- **Assigned task**
In the entries below, find the line with "Kleine 1-Raum-Ferienwohnung Mit" and the line with "Used 2020 Buick Encore GX Select image 21"; give again those lines and every line between them, exactly.

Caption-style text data
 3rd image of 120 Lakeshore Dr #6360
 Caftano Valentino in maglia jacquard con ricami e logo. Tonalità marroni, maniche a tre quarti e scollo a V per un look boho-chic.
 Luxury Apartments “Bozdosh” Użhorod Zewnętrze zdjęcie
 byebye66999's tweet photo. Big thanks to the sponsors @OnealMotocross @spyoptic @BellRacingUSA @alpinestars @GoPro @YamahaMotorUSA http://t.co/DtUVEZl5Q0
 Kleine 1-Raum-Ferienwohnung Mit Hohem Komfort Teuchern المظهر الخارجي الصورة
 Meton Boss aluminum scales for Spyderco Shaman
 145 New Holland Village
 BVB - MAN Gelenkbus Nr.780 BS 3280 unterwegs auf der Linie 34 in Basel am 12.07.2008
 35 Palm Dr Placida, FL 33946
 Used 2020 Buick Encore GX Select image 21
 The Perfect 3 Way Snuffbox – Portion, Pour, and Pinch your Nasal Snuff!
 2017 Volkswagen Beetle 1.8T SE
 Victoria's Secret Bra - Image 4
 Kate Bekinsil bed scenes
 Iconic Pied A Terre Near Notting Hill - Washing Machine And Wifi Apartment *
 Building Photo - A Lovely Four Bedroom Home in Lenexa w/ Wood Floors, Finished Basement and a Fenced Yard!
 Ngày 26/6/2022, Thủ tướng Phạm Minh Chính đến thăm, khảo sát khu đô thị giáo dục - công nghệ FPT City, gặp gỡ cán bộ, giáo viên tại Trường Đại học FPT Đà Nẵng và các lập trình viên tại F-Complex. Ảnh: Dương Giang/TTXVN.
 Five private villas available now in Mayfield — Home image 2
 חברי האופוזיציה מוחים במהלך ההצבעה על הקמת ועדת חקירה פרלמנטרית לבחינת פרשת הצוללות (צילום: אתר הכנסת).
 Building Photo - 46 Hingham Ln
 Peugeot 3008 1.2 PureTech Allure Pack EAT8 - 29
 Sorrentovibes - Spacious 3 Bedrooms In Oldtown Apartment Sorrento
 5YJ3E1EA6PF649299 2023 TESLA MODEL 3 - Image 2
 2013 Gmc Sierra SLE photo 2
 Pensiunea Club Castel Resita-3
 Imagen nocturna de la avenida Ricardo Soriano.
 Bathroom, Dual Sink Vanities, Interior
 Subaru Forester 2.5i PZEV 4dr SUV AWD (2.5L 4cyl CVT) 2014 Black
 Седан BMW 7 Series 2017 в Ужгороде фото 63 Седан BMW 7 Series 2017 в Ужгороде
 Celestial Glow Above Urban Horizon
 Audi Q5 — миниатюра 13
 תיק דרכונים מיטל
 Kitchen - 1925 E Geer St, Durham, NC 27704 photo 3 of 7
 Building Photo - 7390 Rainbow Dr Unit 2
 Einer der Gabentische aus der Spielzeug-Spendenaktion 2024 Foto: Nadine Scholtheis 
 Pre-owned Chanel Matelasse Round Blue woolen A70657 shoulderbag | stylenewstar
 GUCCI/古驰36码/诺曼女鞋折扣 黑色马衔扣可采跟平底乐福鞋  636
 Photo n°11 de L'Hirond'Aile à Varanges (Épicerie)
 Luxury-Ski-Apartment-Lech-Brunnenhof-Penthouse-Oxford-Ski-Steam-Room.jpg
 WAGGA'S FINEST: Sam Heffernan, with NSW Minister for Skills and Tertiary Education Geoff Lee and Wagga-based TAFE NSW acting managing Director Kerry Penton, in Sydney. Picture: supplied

- **Your response**
 Kleine 1-Raum-Ferienwohnung Mit Hohem Komfort Teuchern المظهر الخارجي الصورة
 Meton Boss aluminum scales for Spyderco Shaman
 145 New Holland Village
 BVB - MAN Gelenkbus Nr.780 BS 3280 unterwegs auf der Linie 34 in Basel am 12.07.2008
 35 Palm Dr Placida, FL 33946
 Used 2020 Buick Encore GX Select image 21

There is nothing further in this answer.